▶ **Task description**: Beginning with the line of the entries below that holds "Jeweled Cross St" and ending with the line that holds "Bracelet Jonc Diamant en Or Rose - Image 3", transcribe each line exactly as written. Pictures stay out.

▶ **Given information**:

↓

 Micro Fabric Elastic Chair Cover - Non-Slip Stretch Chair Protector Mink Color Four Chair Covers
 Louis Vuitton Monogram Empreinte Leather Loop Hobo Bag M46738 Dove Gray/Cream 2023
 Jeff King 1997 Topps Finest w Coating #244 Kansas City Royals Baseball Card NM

↑
↓

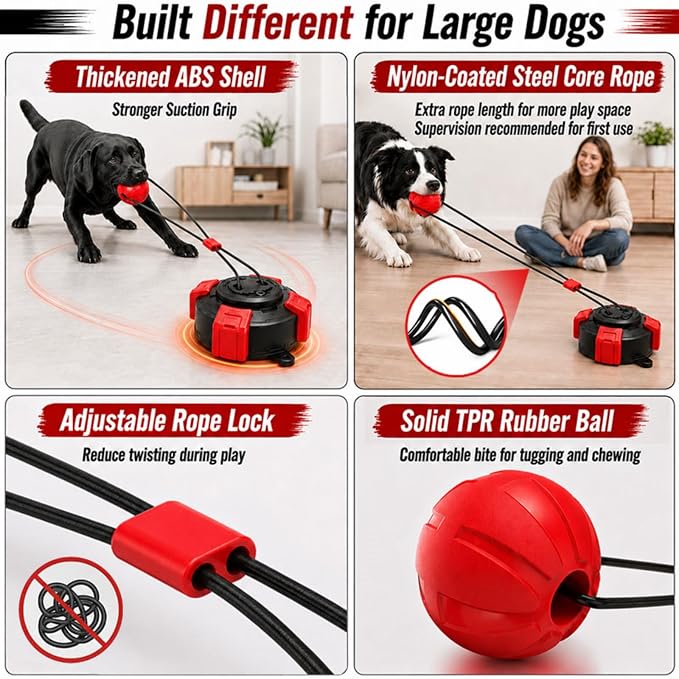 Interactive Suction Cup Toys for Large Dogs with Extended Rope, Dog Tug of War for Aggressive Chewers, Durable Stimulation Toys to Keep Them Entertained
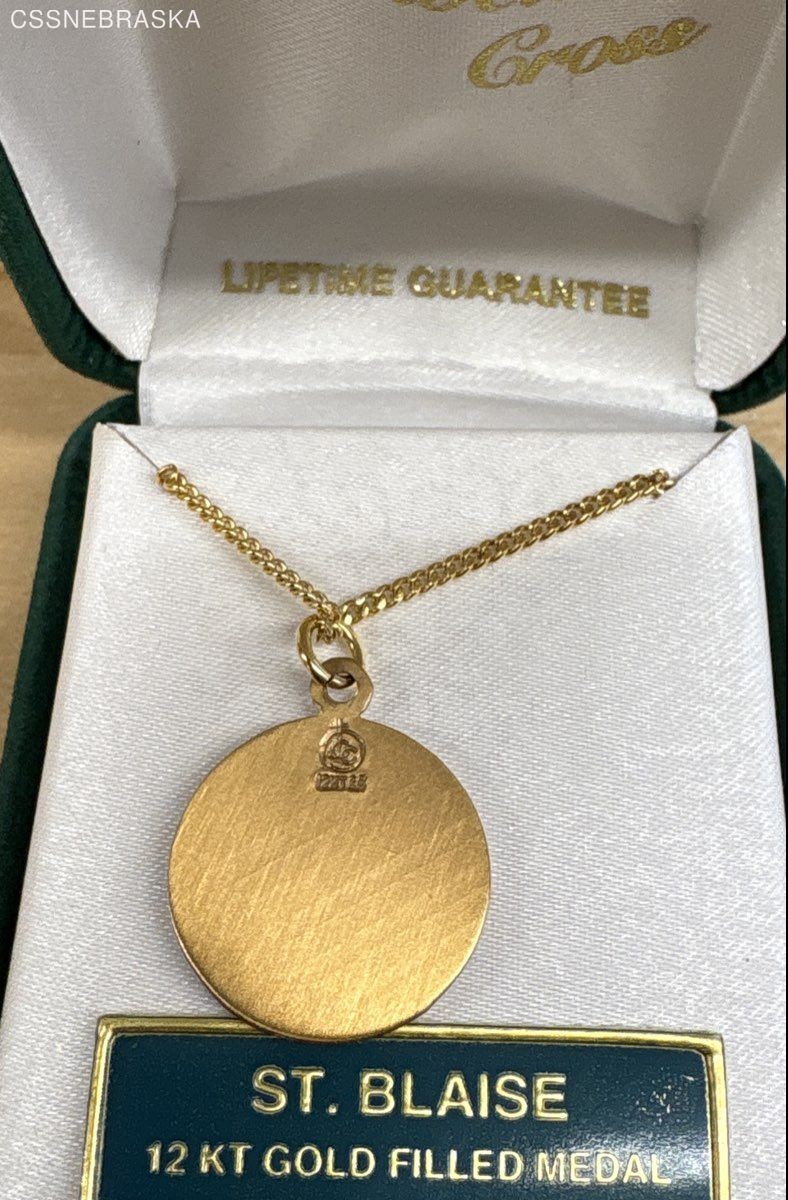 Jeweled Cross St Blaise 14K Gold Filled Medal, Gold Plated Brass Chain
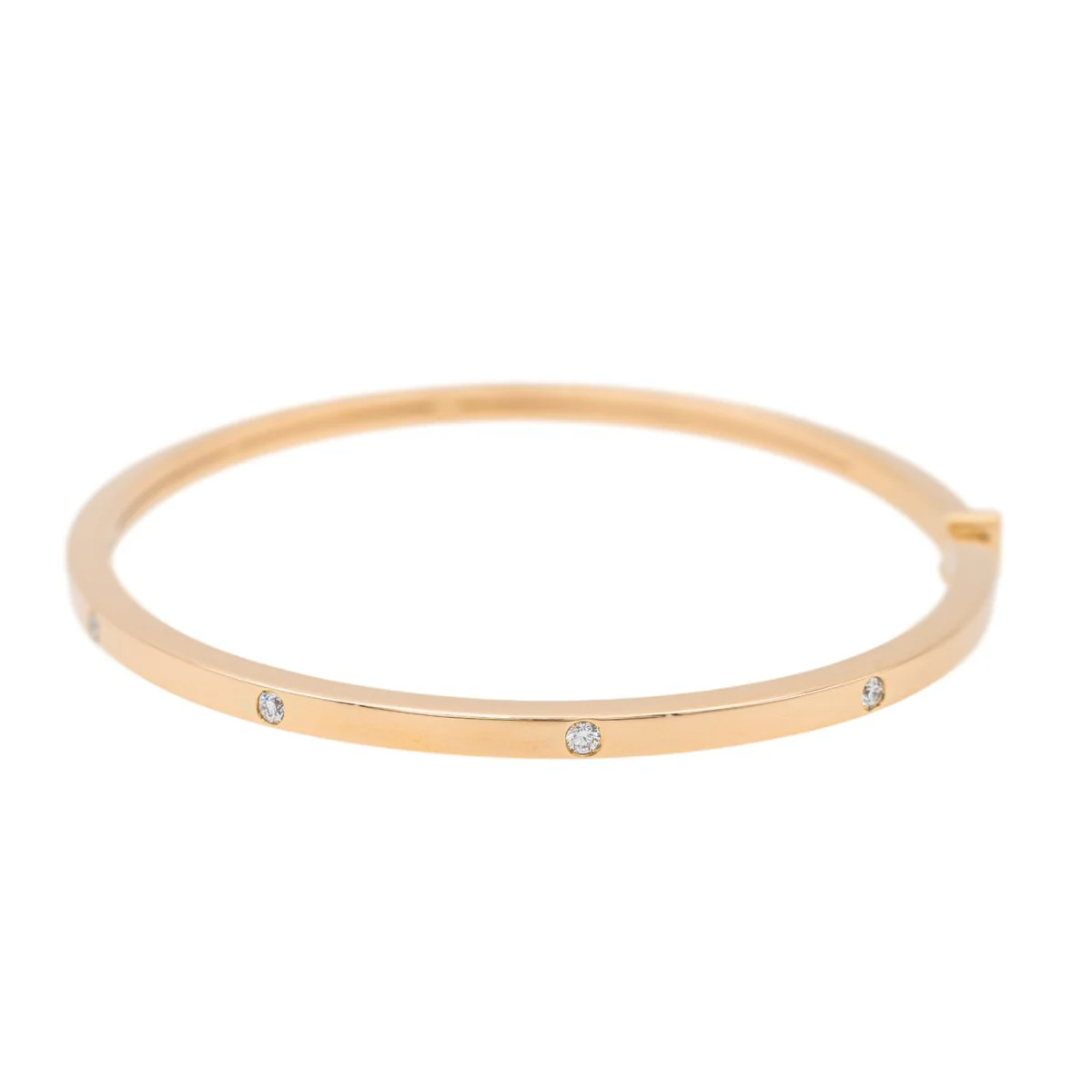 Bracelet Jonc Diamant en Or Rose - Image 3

↑

▶ **Result below**:
 Jeweled Cross St Blaise 14K Gold Filled Medal, Gold Plated Brass Chain
 Bracelet Jonc Diamant en Or Rose - Image 3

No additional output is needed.